Ready to purchase her daily coffee at Java City and start the day, Halston Reece, a student at SMU, opened her wallet to find her student ID missing. Unable to recall where she last had her ID, she thought of dozens of spots around campus.
“I didn’t have time to go all around and try to find my ID, and I didn’t want to go through the hassle of having to pay for a new one,” Reece said. “But thankfully I only had to go to one place, and my ID was found.”
Umbrellas, student identification cards, keys and cell phones are all items that fill the lost and found cabinet located at the Mane Desk in the Hughes-Trigg Student Center. The cabinet serves as SMU’s only formal location to turn in and recover possessions that have been misplaced around campus.
SMU student and employee at the Mane Desk, Mackenzie Marr said, “Many students do not even know they have this option.”
Each day, an average of two SMU students come to the Mane Desk and are able to successfully claim lost objects with little effort.
“About 50 percent of the time, we have whatever it is someone has come to look for,” Marr said.
In order to claim a cell phone or other, more expensive items, specific protocols are required.

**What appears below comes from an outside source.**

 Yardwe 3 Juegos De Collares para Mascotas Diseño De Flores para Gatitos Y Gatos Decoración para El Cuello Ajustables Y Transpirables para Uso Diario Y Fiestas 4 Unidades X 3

If student has lost a cell phone, they must know the number of the phone and call it to make the phone ring.
For credit cards, there must be a picture identification matching the card name.
If the item has the individual’s identification on it somewhere, he or she is contacted over e-mail.

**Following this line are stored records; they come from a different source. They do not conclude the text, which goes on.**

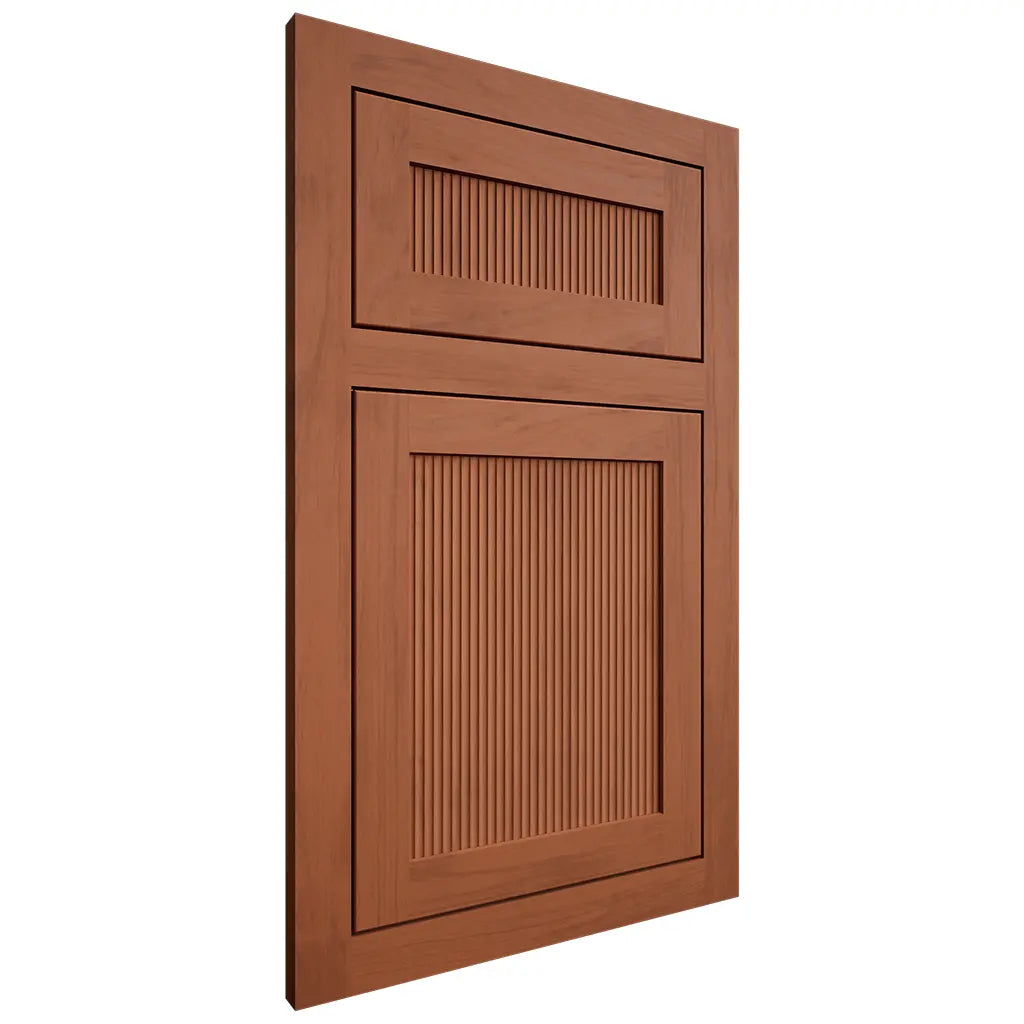 Shiloh Cabinetry Flush Inset Reeded Malibu Maple Plain Cut Spice Door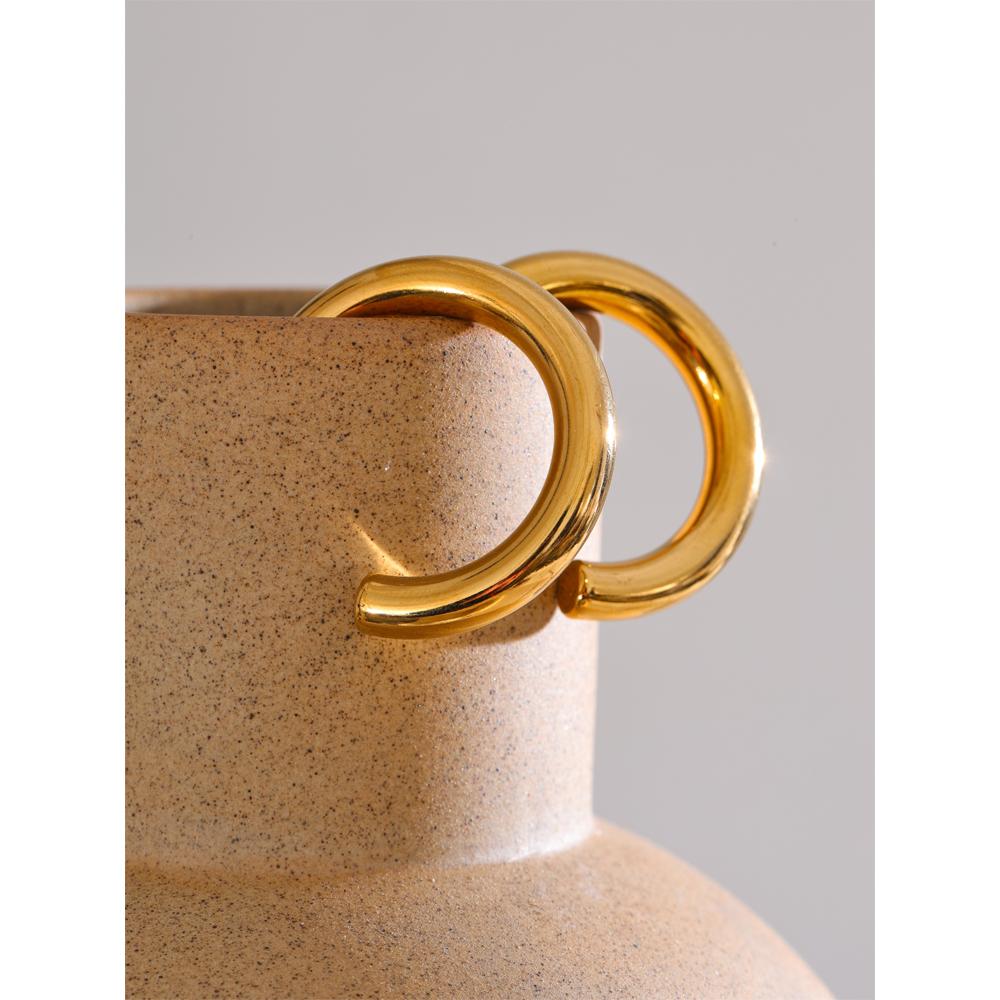 Eetit Daily Versatile Stainless Steel C-Shape Huggie Earrings for All Occasions 18K Gold Color Simple Charm Jewelry New
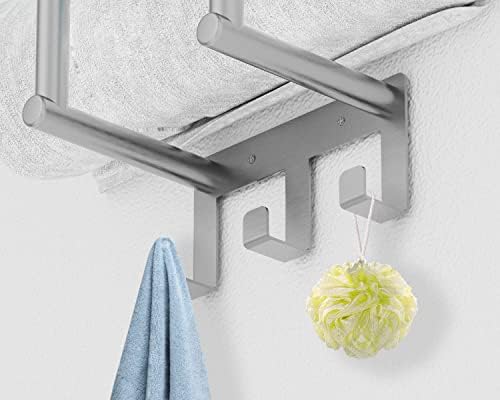 Bethom Towel Racks for Bathroom Wall Mounted with 3 Hooks, Brushed Nickel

Some items are quicker to be claimed.
“In the rainy season especially, people always are quick to recover their umbrella,” Marr said.
Any item is welcomed in the cabinet, and there are no restrictions on where that item can come from on campus.
According to Marr, the most interesting item that has been turned in was a whistle and said, noting that “almost anything goes.”
Assistant director of Hughes-Trigg, David Hayden, explained that the Lost and Found “also serves as an electronic search site,” which students can access at smu.edu/htrigg/lostandfound.
The site enables students to describe what was lost and receive a response as to whether or not it was turned in.
If items are left unclaimed in the cabinet, they are handed over to the SMU Police Department. The cabinet is cleaned out once a month and at the end of the school year.
Hayden explained that while the Mane Desk houses the only specifically designated area for a campus-wide Lost and Found, “most buildings would have a building manager, housekeeping area or office that might serve in that capacity.”
“Instead of looking for a needle-in-a-haystack, you can make it a lot easier on yourself and simply walk over to the Mane Desk,” Hayden said.